A lifetime ban on gay and bisexual men donating blood has been lifted in Northern Ireland after more than 30 years.
The permanent ban has been replaced with a 12-month deferral system, meaning gay men are allowed to donate a year after their last sexual encounter with another man.
Similar rules were adopted by the rest of the UK in 2011, however attempts to end the ban in Northern Ireland were until now blocked by successive health ministers from the Democratic Unionist Party (DUP).
Current Stormont health minister Michelle O'Neill of Sinn Féin announced the policy change in June.
“Surveillance data from England, Scotland and Wales and survey evidence from across Britain and the north of Ireland have provided assurance that the risk is lower with a one-year deferral,” she said.
“My decision is based on the evidence regarding the safety of donated blood.”
The change will be implemented by the Blood Transfusion Service on Thursday.
Gay rights campaigners welcomed the end of the total ban as an important “first step,” but argued that aspects of the new policy were “irrational.”
“There must be a recognition that two men in a monogamous relationship pose zero risk to the blood supply. They cannot magically create HIV between them.
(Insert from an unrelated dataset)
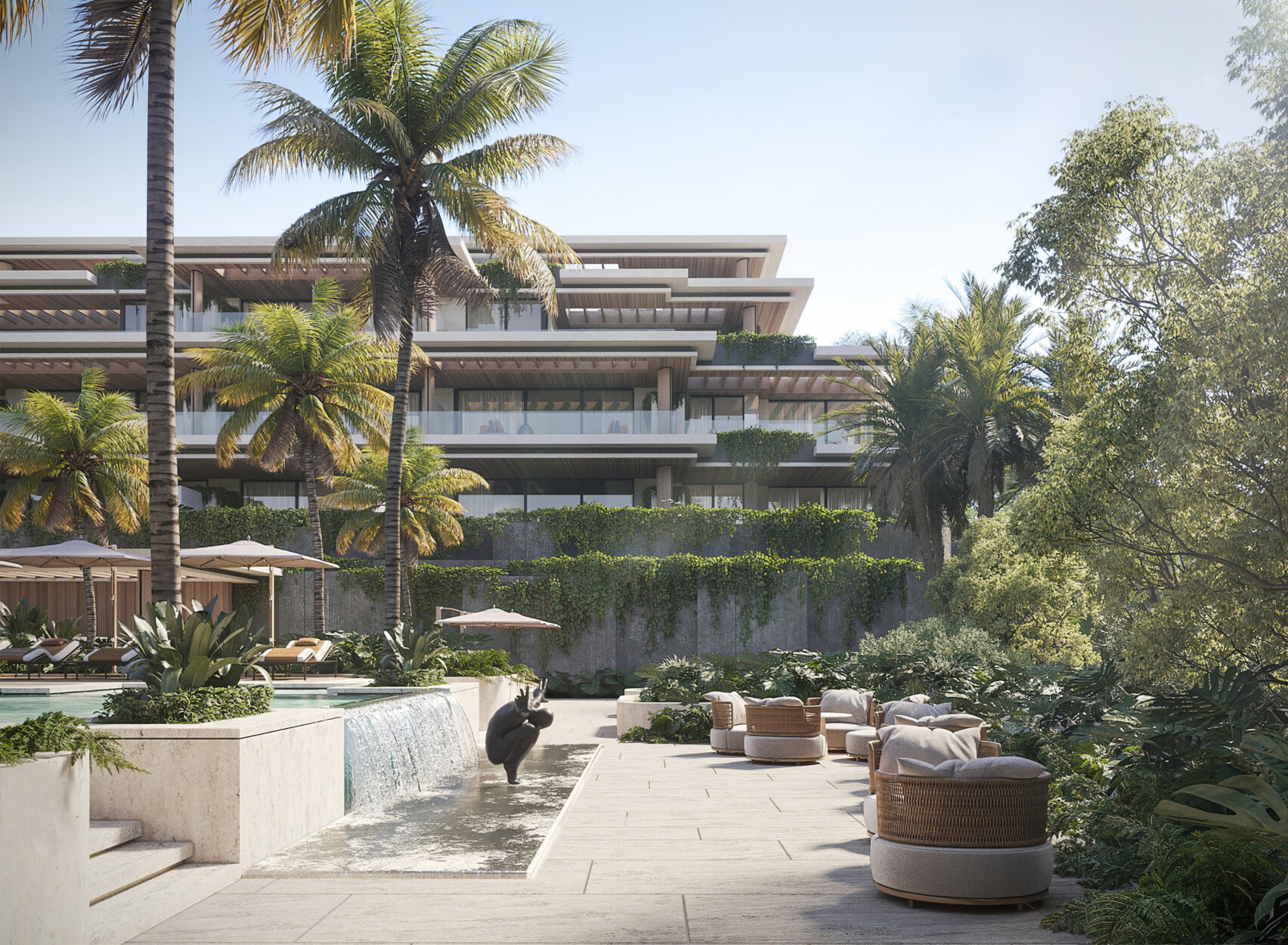 Nieuw en licht appartement met solarium op de eerste verdieping in de nieuwe Golden Mile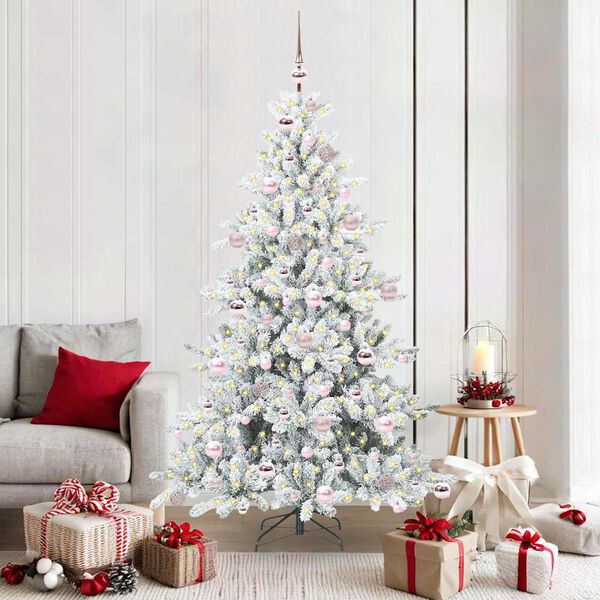 vidaXL &Aacute;rbol de Navidad artificial con ramas articuladas 180 cm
And yet as long as they have sex they will never be allowed to donate blood,” said John O’Doherty, director of Northern Ireland’s largest LGBT organization, Rainbow Project.
“This is not science, it is stigma”
A lifetime ban on blood donations by gay men was first introduced in the UK and around the world in the 1980s in response to the AIDS crisis.
Last December, the US revoked a permanent ban on gay blood donations, replacing it with the one-year deferral system.
Most EU countries have also instituted a temporary deferral systems for blood donations from gay men.